My Son’s First Buck
My son is four, but he is going on ten or so. If you ask him, he is a ninja wearing Superman’s cape and Batman’s mask. He’s a droid that has travelled through space and conquered most of the “bad guys” with his laser-beam eyes. He can hold his breath as long as Aquaman, but he “a’int wearing no orange suit,” he’ll remind you. He beats me up every day when I come home from work with karate moves he calls “the ham and cheese,” “the macaroni special,” and the well known “knuckle sandwich.”
I love him as much as you can love anything, and he loves me so much he will do anything I do. So, when I take him hunting, he wants to do it all. He climbs twenty-foot ladder stands without fear, because I do. He walks beside me for hours in the woods because I do. He picks up snakes, because I do. And, he wants to shoot a buck more than anything in the world because I do. There’s only one problem, he is way too young to shoot anything. But, don’t tell him that. He would be very hurt. As far as he is concerned, “if daddy can do it, I can do it.”
About three weeks ago, I picked him up from his church school to take him hunting. I had the afternoon off, and I thought it would be fun to spend a little time with him in the woods. I wasn’t expecting to have much luck. It’s hard to hunt with a four year old. But I was expecting to have a great time with my son enjoying the woods, talking about hunting and wildlife. Although I really wanted him to see some wildlife, I didn’t expect much on the hunting front, but I hoped for a lot on the father-son front.
When we arrived at the hunting camp, we went inside the cabin to change our clothes. It was like dressing in a miniature mirror. I would slide one leg into my camo long-johns and he would slide his leg into his. I would slide my arm into my shirt and he would slide his arm into his. I slipped on my rubber boots. He slipped on his. He never took his eyes off me and he put on each article of clothing exactly as I did and at the same pace I did. I was already having fun just watching a little version of me dress himself in the chair across from me. It made me wonder if I was ever a reflection of my dad as he got ready to hunt. I imagine so, but I could not remember.
After we were dressed, I pulled out my pack to take inventory. He stared at me intently watching every move as I checked off my list. I held up each item in my pack one by one. “Never go in the woods without water,” I said as I held up a bottle of water.
“Check.” He said matter-of-factly. I almost laughed, “Check?”
“Yessir. Check. We got water,” he said with a smile.
“Yea boy, we got water. Knife,” I followed.
“Check.
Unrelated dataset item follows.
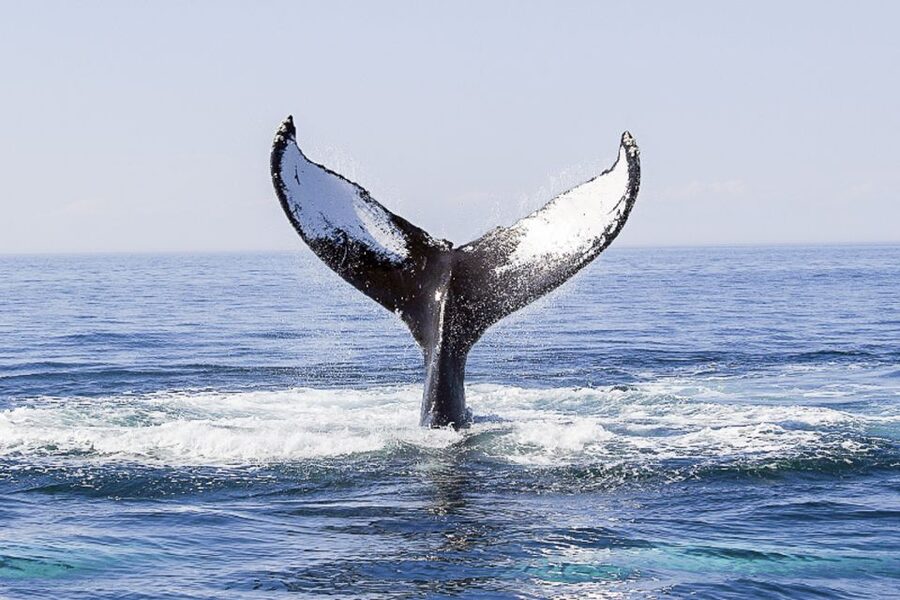Boston: City Cruises Whale Watching Cruise - Naturalists who make the waiting worthwhile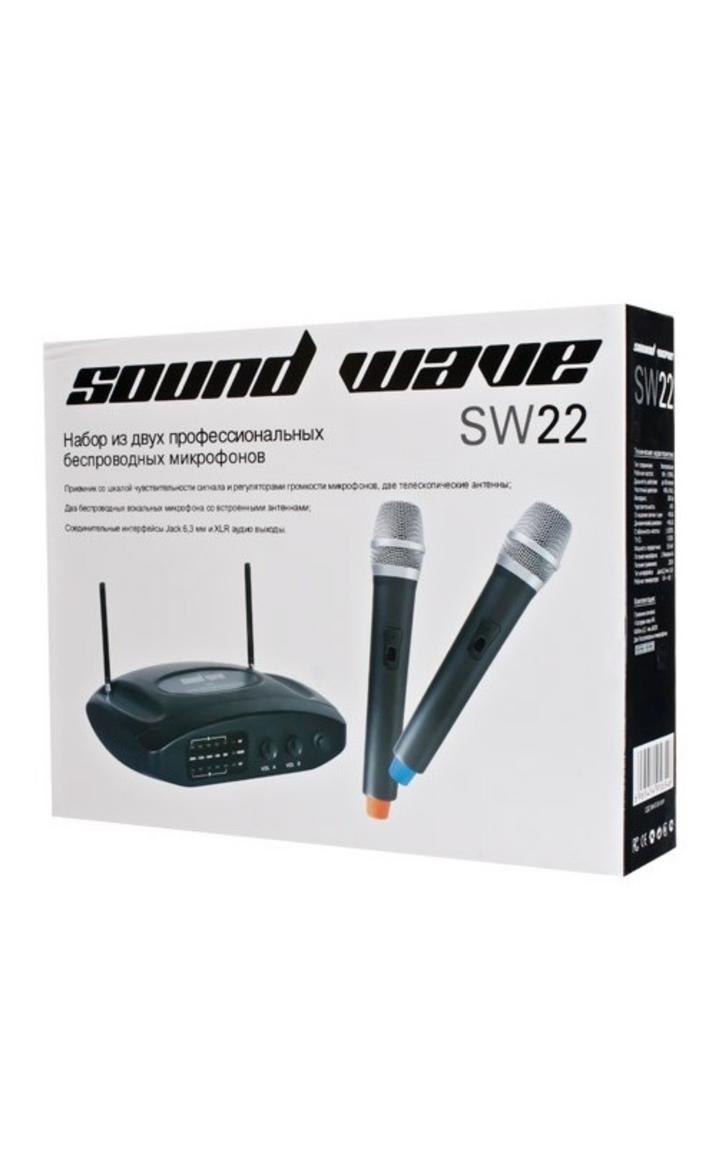 Микрофон Sound Wave SW22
Never go in the woods without a knife,” he said. He was catching on.
“Apple,” I kept going, getting a huge kick out of how serious he was taking the whole process.
“Apple. Check. Never go in the woods without an apple. Hey daddy, why don’t you never go in the woods without an apple,” he asked un-assuredly after having checked it off so assuredly.
“You have to take food in the woods and apples freshen your breath better than toothpaste. Deer can smell toothpaste and apples, but they love apples and hate toothpaste,” I explained with a smile.
“Apple. Check.” He got it.
We went through the rest of the stuff in my pack and I explained why we needed it all, “we need this compass in case we get lost.”
He looked up at me quizzically, “if we get lost why don’t we just follow the trail back to the cabin,” he said simply. I laughed to myself. He had a point. Kids see things with simple glasses that look straight through the complexities of adulthood.
Loading the pack afforded me some quality time to kill before we began our long sit in the stand. One of the hardest things do when hunting with a kid is keep them from getting bored while sitting in the stand. The Red power Ranger who rides a Transformer to crush all the Pokemon is only going to sit still so long. So, I wait as long as possible preparing and teaching before I take my kids up in the stand.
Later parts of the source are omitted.